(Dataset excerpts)
--- --- ---

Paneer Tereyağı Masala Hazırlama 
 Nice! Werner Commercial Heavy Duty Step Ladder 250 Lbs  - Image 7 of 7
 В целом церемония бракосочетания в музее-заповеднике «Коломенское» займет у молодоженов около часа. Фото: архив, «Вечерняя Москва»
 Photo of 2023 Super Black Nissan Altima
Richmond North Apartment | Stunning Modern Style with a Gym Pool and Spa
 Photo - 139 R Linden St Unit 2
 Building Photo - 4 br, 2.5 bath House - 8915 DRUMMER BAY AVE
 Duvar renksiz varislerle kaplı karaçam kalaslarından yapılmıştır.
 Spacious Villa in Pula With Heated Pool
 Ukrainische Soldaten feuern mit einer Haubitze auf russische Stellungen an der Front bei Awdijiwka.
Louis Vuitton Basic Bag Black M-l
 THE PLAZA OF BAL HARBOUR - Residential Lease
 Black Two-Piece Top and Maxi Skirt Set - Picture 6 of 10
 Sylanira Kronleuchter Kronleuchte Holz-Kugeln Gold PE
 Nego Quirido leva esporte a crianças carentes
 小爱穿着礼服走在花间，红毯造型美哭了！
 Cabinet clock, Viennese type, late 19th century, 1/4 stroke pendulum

--- --- ---

__TASK__.
Each line in the records above must be returned exactly as it stands.

__SOLUTION__.
Paneer Tereyağı Masala Hazırlama 
 Nice! Werner Commercial Heavy Duty Step Ladder 250 Lbs  - Image 7 of 7
 В целом церемония бракосочетания в музее-заповеднике «Коломенское» займет у молодоженов около часа. Фото: архив, «Вечерняя Москва»
 Photo of 2023 Super Black Nissan Altima
Richmond North Apartment | Stunning Modern Style with a Gym Pool and Spa
 Photo - 139 R Linden St Unit 2
 Building Photo - 4 br, 2.5 bath House - 8915 DRUMMER BAY AVE
 Duvar renksiz varislerle kaplı karaçam kalaslarından yapılmıştır.
 Spacious Villa in Pula With Heated Pool
 Ukrainische Soldaten feuern mit einer Haubitze auf russische Stellungen an der Front bei Awdijiwka.
Louis Vuitton Basic Bag Black M-l
 THE PLAZA OF BAL HARBOUR - Residential Lease
 Black Two-Piece Top and Maxi Skirt Set - Picture 6 of 10
 Sylanira Kronleuchter Kronleuchte Holz-Kugeln Gold PE
 Nego Quirido leva esporte a crianças carentes
 小爱穿着礼服走在花间，红毯造型美哭了！
 Cabinet clock, Viennese type, late 19th century, 1/4 stroke pendulum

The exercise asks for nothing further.